HOW TO COMPLETE THIS TASK
The string "Image" may appear in lines of the data; report how many lines contain it, with no other output.

ENTRIES PROVIDED
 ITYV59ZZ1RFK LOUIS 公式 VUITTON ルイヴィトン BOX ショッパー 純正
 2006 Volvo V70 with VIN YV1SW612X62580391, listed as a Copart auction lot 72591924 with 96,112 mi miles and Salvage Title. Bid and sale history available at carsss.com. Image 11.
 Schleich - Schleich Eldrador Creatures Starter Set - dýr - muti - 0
--
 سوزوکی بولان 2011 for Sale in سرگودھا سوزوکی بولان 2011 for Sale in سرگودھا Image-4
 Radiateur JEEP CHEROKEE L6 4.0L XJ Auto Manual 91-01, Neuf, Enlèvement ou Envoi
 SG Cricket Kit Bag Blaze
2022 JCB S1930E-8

WRITTEN SOLUTION
2